The Difference between BiLSTM and Transformer - The Discussion about Suitable Scenarios for BiLSTM and Transformer
DOI:
https://doi.org/10.61173/xpnbnx35Keywords:
Skeleton-based motion recognize, Human pose estimation, BiLSTM, Transformer encoder, Real- time inferenceAbstract
Action recognition is becoming more and more important with the development of autopilot cars and smart homes. Many people hope that autopilot cars can make transportation safer. Furthermore, action recognition can make their homes smart and make their daily lives more convenient. The common demand of these technologies is action recognition. This paper researches the differences between Bi-direction Long Short-Term Memory (BiLSTM) and Transformer to find their suitable scenes.
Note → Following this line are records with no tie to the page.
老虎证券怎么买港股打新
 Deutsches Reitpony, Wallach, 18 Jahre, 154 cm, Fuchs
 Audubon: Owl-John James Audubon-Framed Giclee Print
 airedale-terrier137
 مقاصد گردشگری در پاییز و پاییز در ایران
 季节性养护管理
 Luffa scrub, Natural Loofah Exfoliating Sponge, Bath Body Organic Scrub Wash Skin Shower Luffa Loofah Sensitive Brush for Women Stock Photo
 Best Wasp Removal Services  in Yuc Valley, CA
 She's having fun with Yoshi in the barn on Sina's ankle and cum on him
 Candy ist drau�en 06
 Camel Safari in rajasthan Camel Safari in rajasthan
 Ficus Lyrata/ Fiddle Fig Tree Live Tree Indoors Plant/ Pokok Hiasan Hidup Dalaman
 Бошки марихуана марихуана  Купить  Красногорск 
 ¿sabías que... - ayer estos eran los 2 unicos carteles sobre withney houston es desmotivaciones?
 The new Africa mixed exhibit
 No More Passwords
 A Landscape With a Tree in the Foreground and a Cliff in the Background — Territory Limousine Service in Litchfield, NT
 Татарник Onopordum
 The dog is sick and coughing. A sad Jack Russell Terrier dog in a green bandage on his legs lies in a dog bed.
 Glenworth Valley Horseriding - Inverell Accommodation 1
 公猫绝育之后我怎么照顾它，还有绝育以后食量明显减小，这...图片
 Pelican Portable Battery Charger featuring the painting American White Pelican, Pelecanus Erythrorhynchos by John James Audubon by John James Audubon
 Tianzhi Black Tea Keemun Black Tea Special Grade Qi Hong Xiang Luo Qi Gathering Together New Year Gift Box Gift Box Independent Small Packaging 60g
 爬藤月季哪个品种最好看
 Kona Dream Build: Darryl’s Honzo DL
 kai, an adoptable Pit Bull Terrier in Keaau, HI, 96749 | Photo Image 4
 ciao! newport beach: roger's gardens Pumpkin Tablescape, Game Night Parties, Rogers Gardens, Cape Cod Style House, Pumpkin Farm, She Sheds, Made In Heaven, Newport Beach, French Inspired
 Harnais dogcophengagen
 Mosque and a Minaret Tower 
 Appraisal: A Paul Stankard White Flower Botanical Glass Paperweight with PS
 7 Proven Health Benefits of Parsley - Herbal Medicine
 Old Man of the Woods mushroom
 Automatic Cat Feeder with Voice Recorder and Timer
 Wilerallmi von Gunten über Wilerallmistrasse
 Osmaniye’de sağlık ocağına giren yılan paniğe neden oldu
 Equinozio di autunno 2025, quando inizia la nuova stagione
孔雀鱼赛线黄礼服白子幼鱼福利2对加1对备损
This paper main research topic is motion recognition using BiLSTM and Transformer. The results show that in one train, the train epoch of BiLSTM is 178.41 seconds, Transformer is 1657.75 seconds; the train time in a similar fitter degree of BiLSTM is 19 times, but Transformer need 50 times to achieve a similar fitter degree. Therefore, BiLSTM is suitable for low-power-consumption devices and scenes that require high real-time recognition. The Transformer is suitable for unlimited-power-consumption devices and requires high recognition accuracy in scenes. In the future, this research will add more motions and add transitions between every motion. Furthermore, the research will improve codes to make results more accurate and make training more efficient.